How to select only the most frequent instances of a variable string in a file?

kevinmccallum · September 23, 2009, 5:59pm

I've got a web access file that I want to grep (or awk or perl or whatever will work!) out the most frequent instances of unique IP entries. Meaning the file looks something like this:

I'd like to run a sort or grep (or whatever) that will only select out the lines from IP's that had the most hits......which in this example case would've been the 1.1.1.1 and 4.4.4.4 entries.

So something that sorts the entire file numerically, counts the instances of lines that start with the exact same (IP) number, and then outputs the results of only the MOST frequent occurances. So obviously the matching IP string is going to change each time it's run based on who is hitting the web server. Is this possible??

peterro · September 23, 2009, 6:11pm

#!/bin/sh

for ip in `awk '{print $1}' access_log | sort -u`
do
  ip_count=`grep -c $ip access_log`
  echo $ip $ip_count
done | sort -rn +1 | head -1

kevinmccallum · September 23, 2009, 6:40pm

Thanks for the quick suggestion.......but I can't seem to get that to work. I replaced the access.log file name with my file name. But when I run it, it just hangs with no output. I tried moving the "echo $ip" up higher in the script to be right after the awk (and before the 'do'), but it still wouldn't print out that variable either.

And I can already get the file to sort by IP, since the ip-address is the leading entry in every newline ('sort -n' works).

So now I just need it to scan the entire log, count the number of entries that start with the same IP number, and print out the lines for let's say the Top-5 IP's that appear the most times in the file (5 highest "hitters" of the webserver). Can you provide any further help or advice?? Please.....??

Scrutinizer · September 23, 2009, 7:56pm

How big is your access file? If it is very big then the times the input file gets read is proportional to the amount of ip addresses. Which may take time for very large files.

This script will ony read the file once:

#!/bin/ksh
typeset -A ACCESS
while read ipaddr dummy; do
  (( ACCESS[$ipaddr]++ ))
done<access_log
for ip in ${!ACCESS[@]}; do
  echo $ip ${ACCESS[$ip]}
done|sort -rn -k2|head -10

or the equivalent awk:

awk '{access[$1]++} END { for ( i in access ) print i " " access }' access_log |sort -rn -k2|head -10

Note that sort options "-rn -k2" stands for "reverse numerical sort on the second field". The syntax may vary per Unix platform; use "man sort" to find out the appropriate options. Head determines the number of IP addresses to list.

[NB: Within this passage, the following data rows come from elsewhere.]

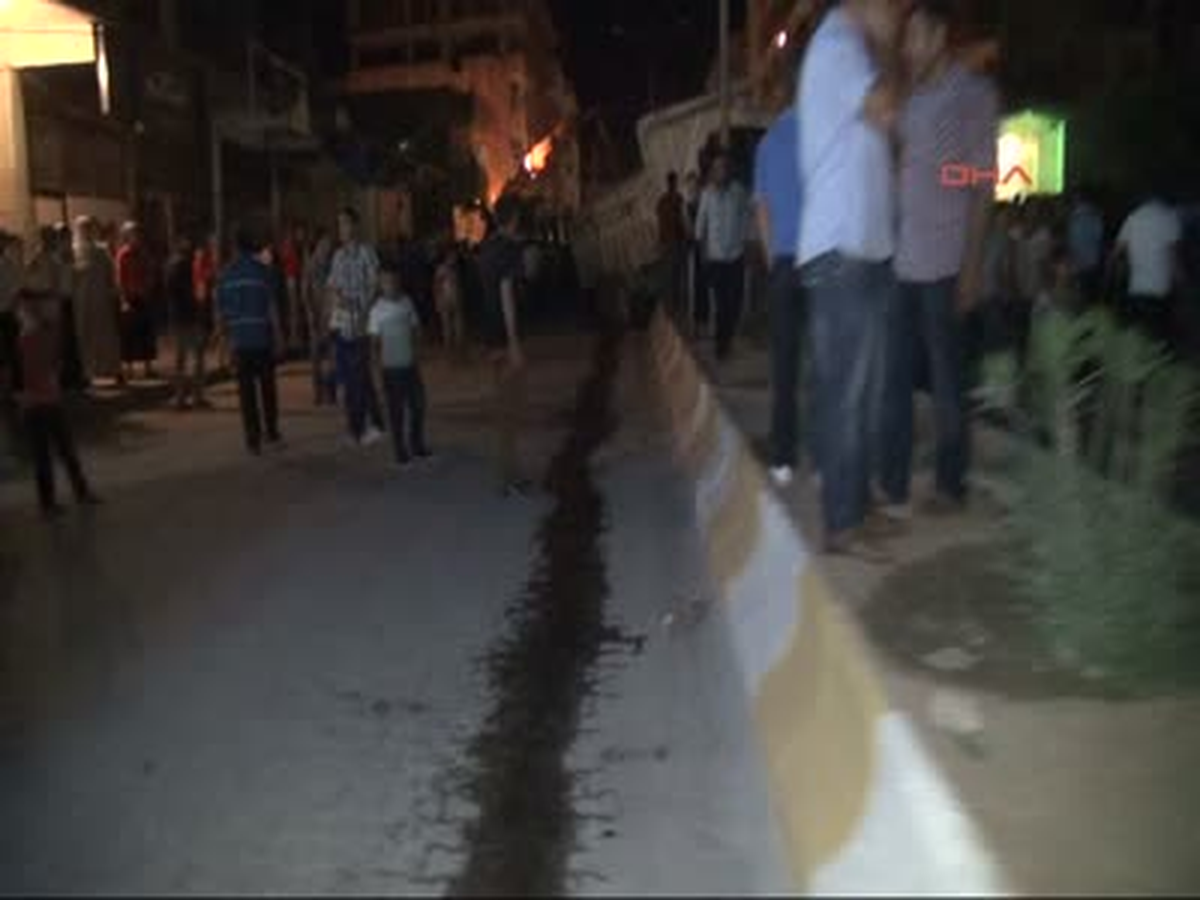 Cizre\'de Katliam Gibi Kaza: 2 Ölü, 6 Yaralı
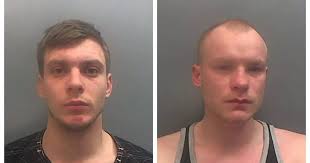 Jailed: 'Predatory' robbers who threatened a boy with imitation gun and  knife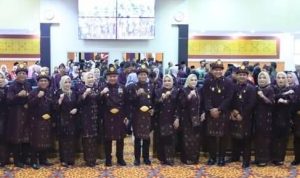 HUT-40kb (1) Gubernur Sumsel, Herman Deru bersama walikota dan anggota DPRD Prabumulih, Senin (19/10/2026). Foto: Humas Pemprov Sumsel.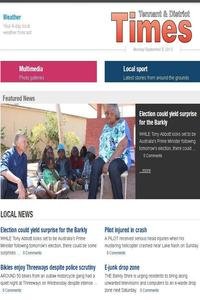 Tennant & District Times news live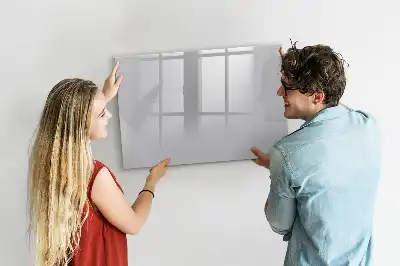 Lavagna magnetica per disegnare di colore grigio chiaro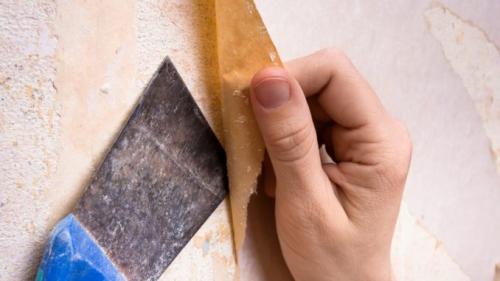 Подготовка к поклейке обоев ранее окрашенных стен. Как подготовить старые стены к обоям: удаление старой краски методом зашкуривания и феном 15 Подготовка к поклейке обоев ранее окрашенных стен. Как подготовить старые стены к обоям: удаление старой краски методом зашкуривания и феном 15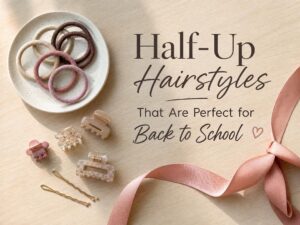 20 Half-Up Hairstyles That Are Perfect for Back to School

rdcwayx · September 23, 2009, 9:12pm

awk '{print $1}' urfile |sort |uniq -c |sort -n

kevinmccallum · September 24, 2009, 1:12pm

RDCWAYX....?? Shouldn't there be a closing single-quote somewhere in that awk line??

---------- Post updated at 10:12 AM ---------- Previous update was at 09:42 AM ----------

SCRUTINIZER...?? Your 'awk' line worked well for obtaining the Top-10 "heavy hitter" IP's and listing them out (with counts). Thanks for that.

But instead of just the IP and it's number of instances in the log file.........I need to return/save the entire log file entry line for each and every hit. So if 1.1.1.1 has 10 entries in the file, and 2.2.2.2 has 8 entries, instead of output that looks like this:

1.1.1.1 10
2.2.2.2 8

I instead need output that looks like this:

1.1.1.1 - [23/Sep/2009:14:18:41 -0700] "GET /home.do"
1.1.1.1 - [23/Sep/2009:14:18:51 -0700] "GET /home.do/category1"
1.1.1.1 - [23/Sep/2009:14:18:55 -0700] "GET /home.do/category2"
2.2.2.2 - [23/Sep/2009:14:19:31 -0700] "GET /home.do"
2.2.2.2 - [23/Sep/2009:14:19:33 -0700] "GET /home.do/file1"

Etc, etc. IE: the entire line from the original file, including date/time stamp, URL, etc. And not just the IP and a summary count.

Can your awk line be easily modified to save all that info....??

rdcwayx · September 27, 2009, 11:02pm

updated.

danmero · September 27, 2009, 11:40pm

Your requirement change over time, you should reformulate your request .. post a new sample data and new required output.

And don't forget to use [code] tags when you post sample data or required output.